_Exercise brief:_ Please retype the records below exactly as they appear, leaving out every picture.

_Exercise material:_
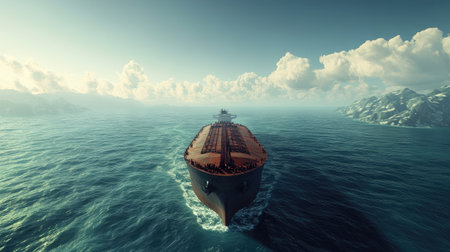 A majestic oil tanker sailing through deep ocean waters, with a clear sky above and a vast, endless horizon stretching into the distance.の素材
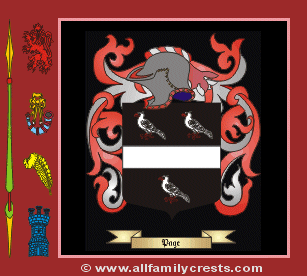 Page Coat of Arms, Family Crest - Click here to view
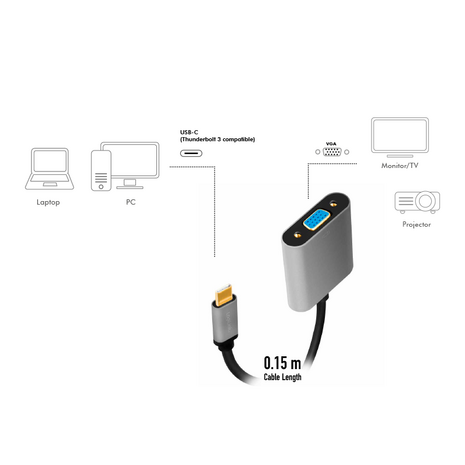 USB 3.2 Gen1 C --> VGA(F) 0.15m LogiLink 1080p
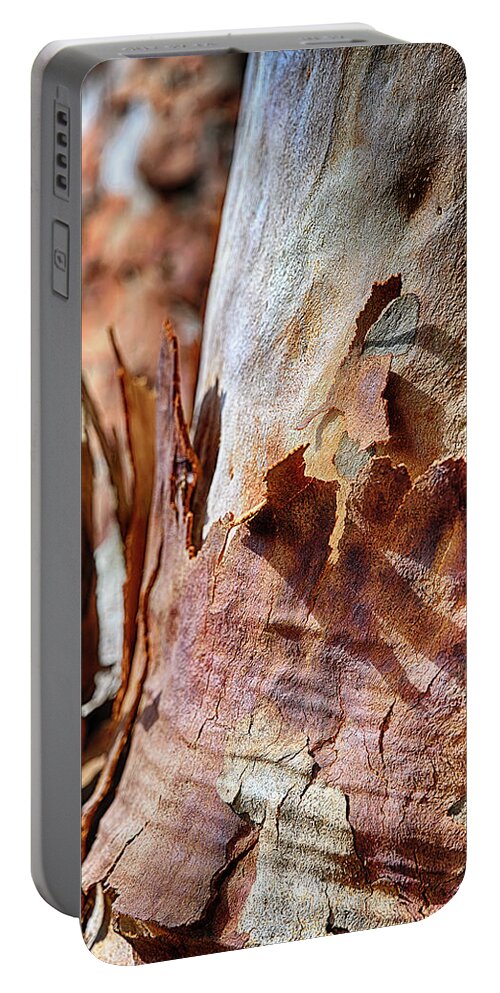 Australia Portable Battery Charger featuring the photograph Red Gum Barking by Jay Heifetz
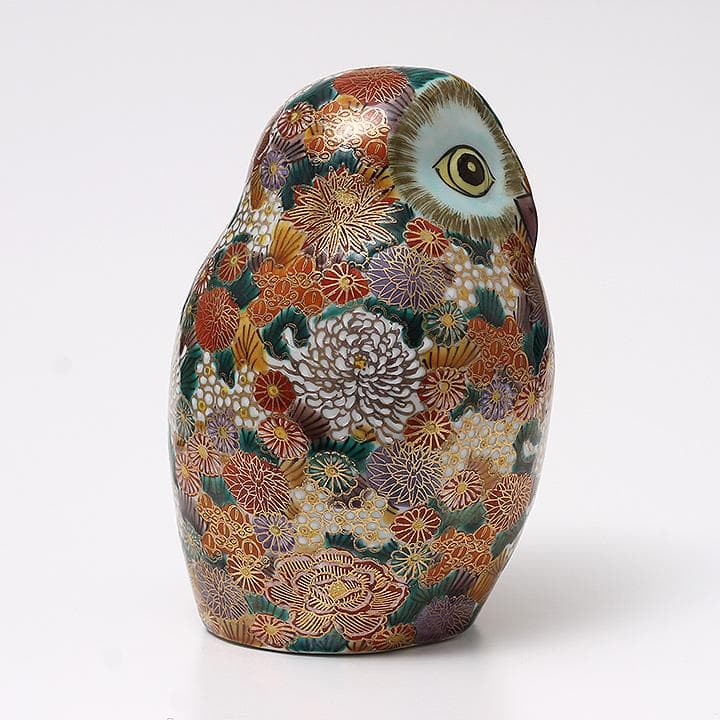 九谷焼 フクロウの置物 陶三九谷落款 高さ17cm 伝統工芸 縁起物　中古美品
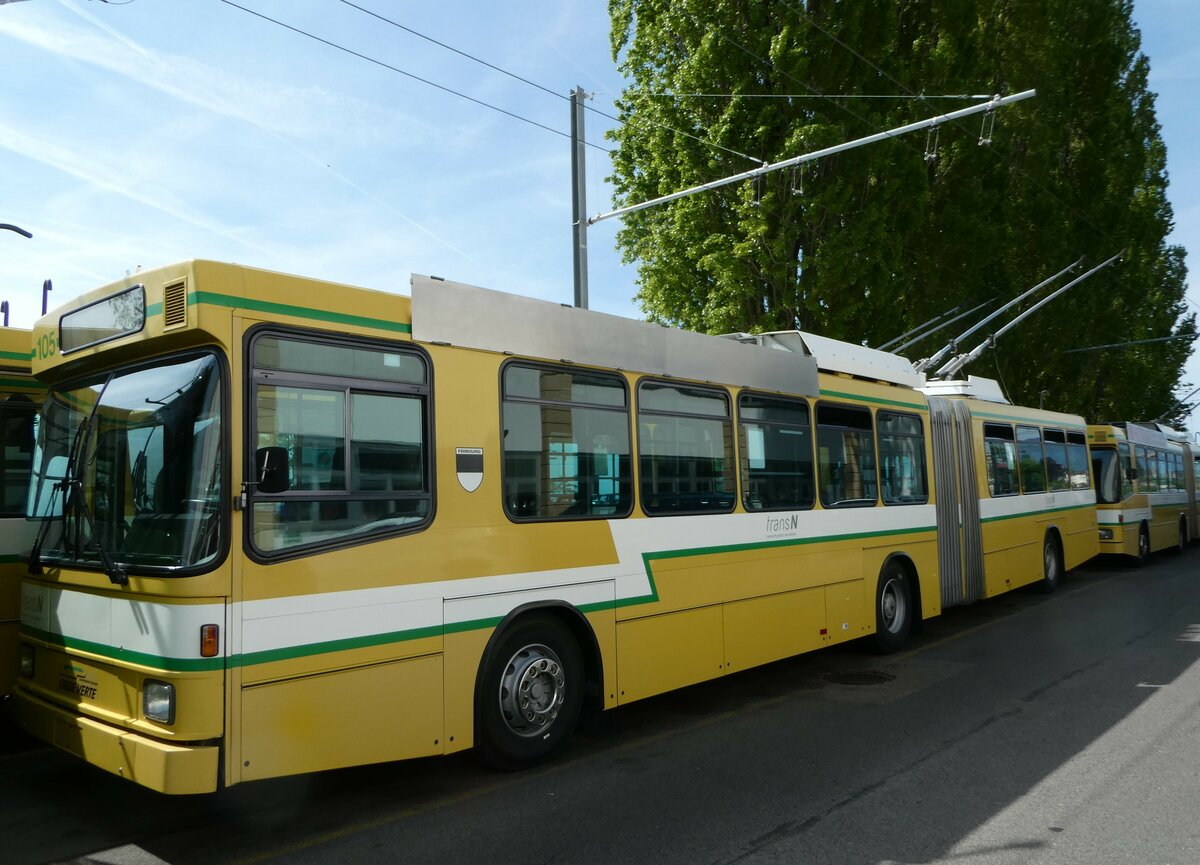 (249'615) - transN, La Chaux-de-Fonds - Nr. 105 - NAW/Hess Gelenktrolleybus (ex TN Neuch�tel Nr. 105) am 5. Mai 2023 in Neuch�tel, D�p�t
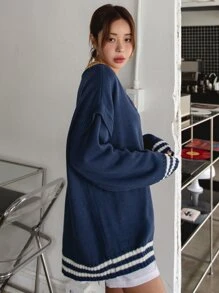 DAZY 1 pieza Jersey ribete en contraste de hombros caídos - Azul Marino - Ver 8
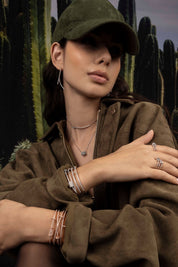 Adjustable Necklace with Paved Arched Pendant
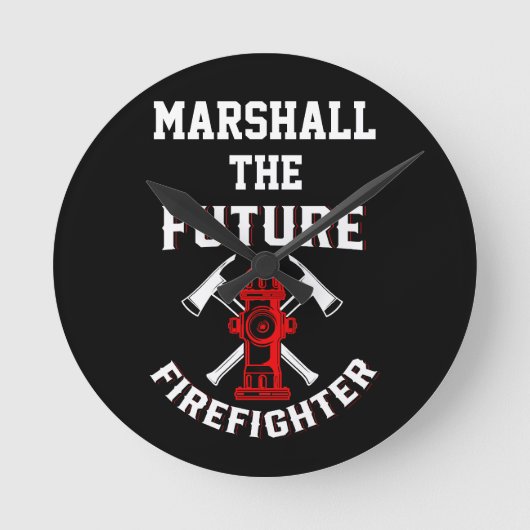 Moderner personalisierter Feuerwehrmann Runde Wanduhr (Vorderseite)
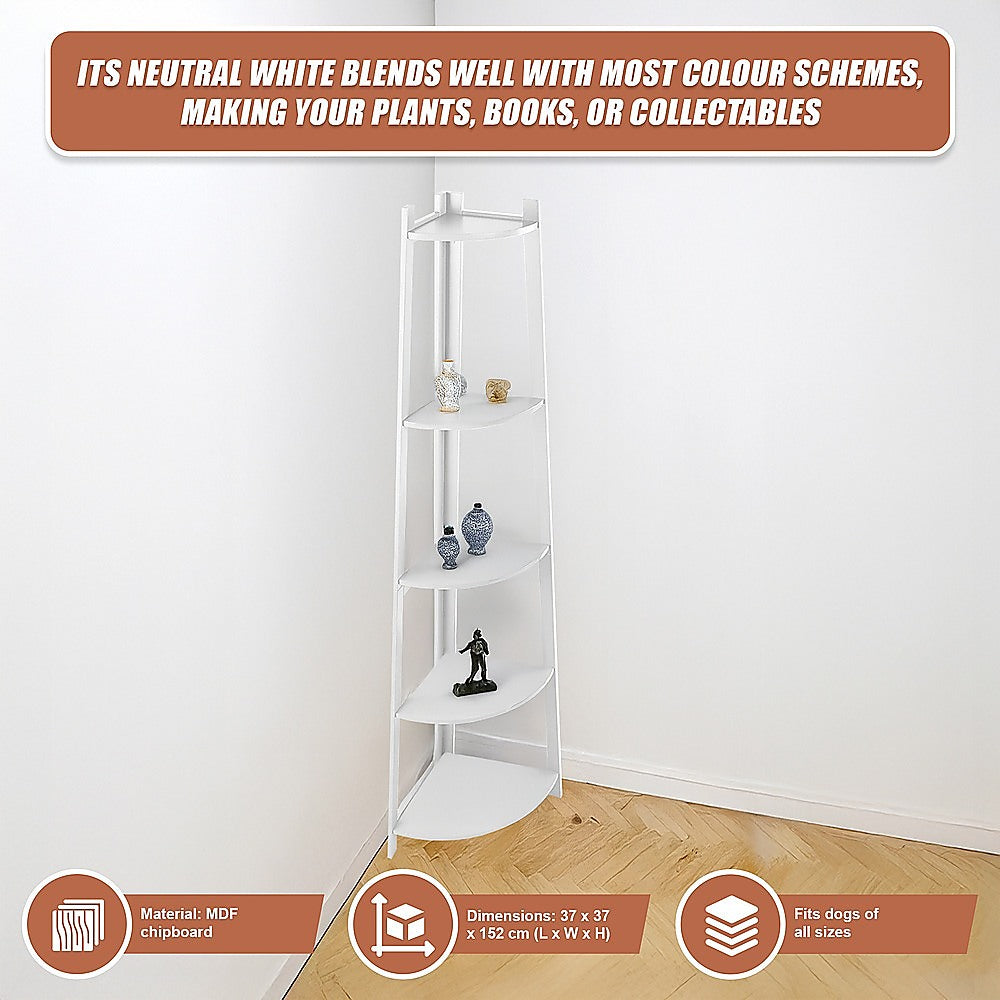 Corner Ladder Shelf Bookcase Display Storage Unit V63-836021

_Answer area:_
 A majestic oil tanker sailing through deep ocean waters, with a clear sky above and a vast, endless horizon stretching into the distance.の素材
 Page Coat of Arms, Family Crest - Click here to view
 USB 3.2 Gen1 C --> VGA(F) 0.15m LogiLink 1080p
 Australia Portable Battery Charger featuring the photograph Red Gum Barking by Jay Heifetz
 九谷焼 フクロウの置物 陶三九谷落款 高さ17cm 伝統工芸 縁起物　中古美品
 (249'615) - transN, La Chaux-de-Fonds - Nr. 105 - NAW/Hess Gelenktrolleybus (ex TN Neuch�tel Nr. 105) am 5. Mai 2023 in Neuch�tel, D�p�t
 DAZY 1 pieza Jersey ribete en contraste de hombros caídos - Azul Marino - Ver 8
 Adjustable Necklace with Paved Arched Pendant
 Moderner personalisierter Feuerwehrmann Runde Wanduhr (Vorderseite)
 Corner Ladder Shelf Bookcase Display Storage Unit V63-836021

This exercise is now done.